Write out, word for word and with no pictures, each line below from the one containing "Illustration des belgischen Flaggenmusters" through the one containing "Thumbnail image for", both included, and no other line.

** MATERIAL SHOWN follows **

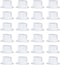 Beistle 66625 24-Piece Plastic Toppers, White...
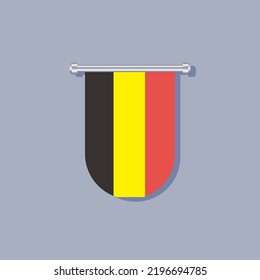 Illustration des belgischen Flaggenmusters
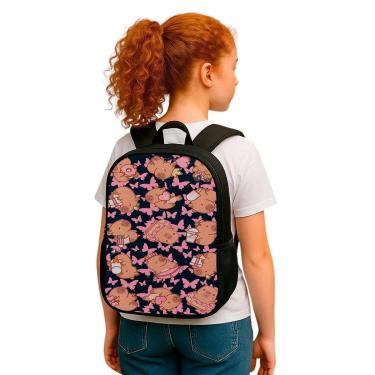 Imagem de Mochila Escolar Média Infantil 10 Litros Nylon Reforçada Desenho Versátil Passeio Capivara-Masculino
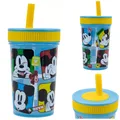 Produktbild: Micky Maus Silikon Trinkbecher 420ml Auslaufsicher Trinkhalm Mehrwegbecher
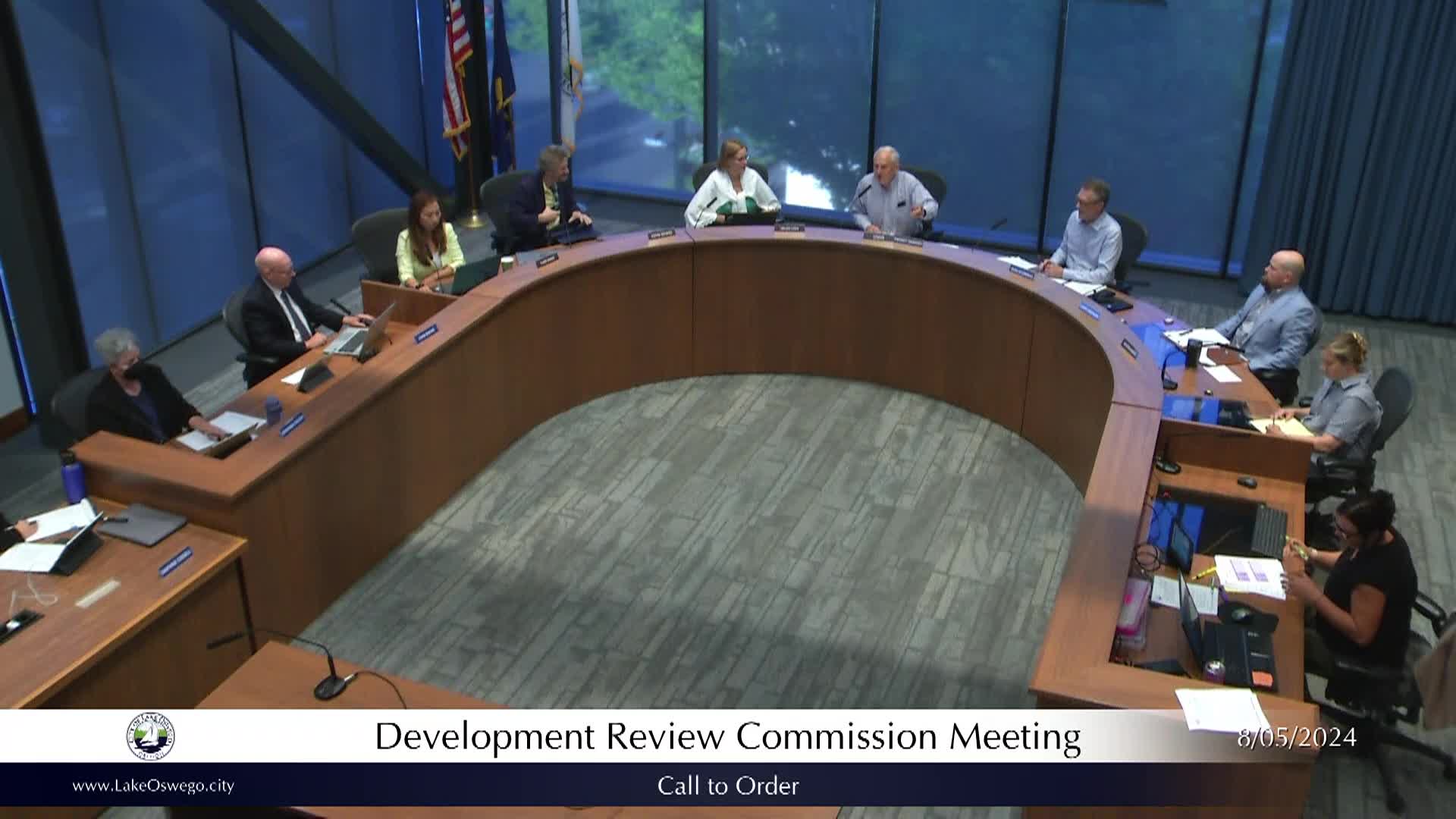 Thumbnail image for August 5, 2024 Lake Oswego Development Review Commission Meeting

** End of MATERIAL SHOWN **
** MATERIAL SHOWN follows **

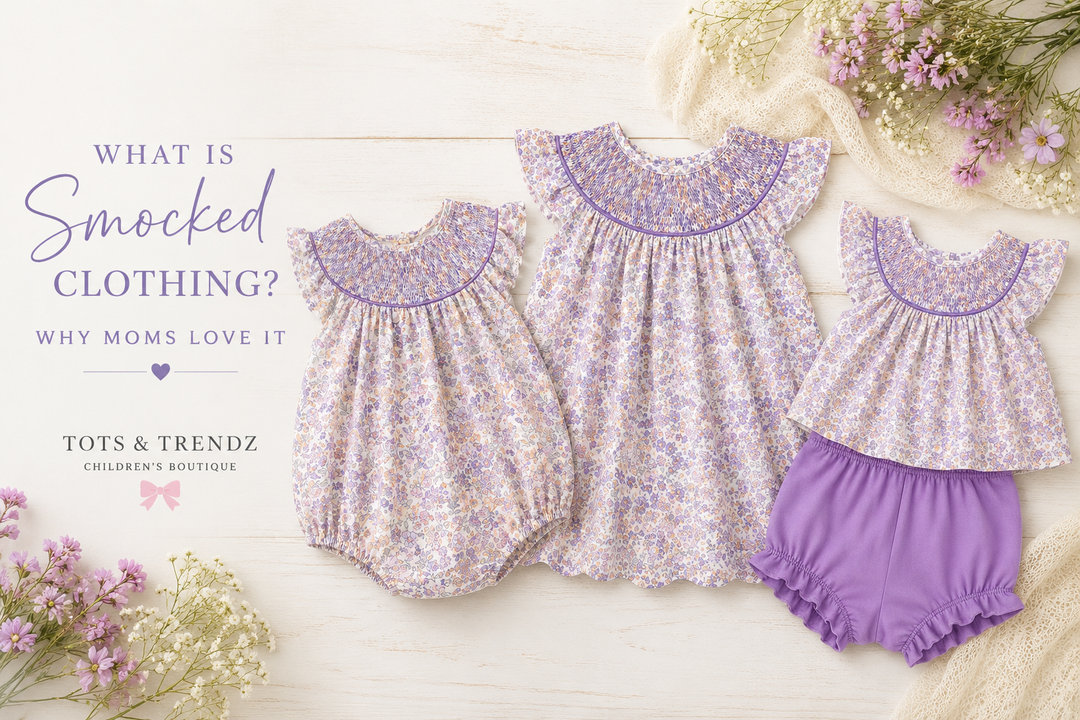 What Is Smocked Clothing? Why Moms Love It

** End of MATERIAL SHOWN **

PROBLEM SOLUTION
 Illustration des belgischen Flaggenmusters
 Imagem de Mochila Escolar Média Infantil 10 Litros Nylon Reforçada Desenho Versátil Passeio Capivara-Masculino
 Produktbild: Micky Maus Silikon Trinkbecher 420ml Auslaufsicher Trinkhalm Mehrwegbecher
 Thumbnail image for August 5, 2024 Lake Oswego Development Review Commission Meeting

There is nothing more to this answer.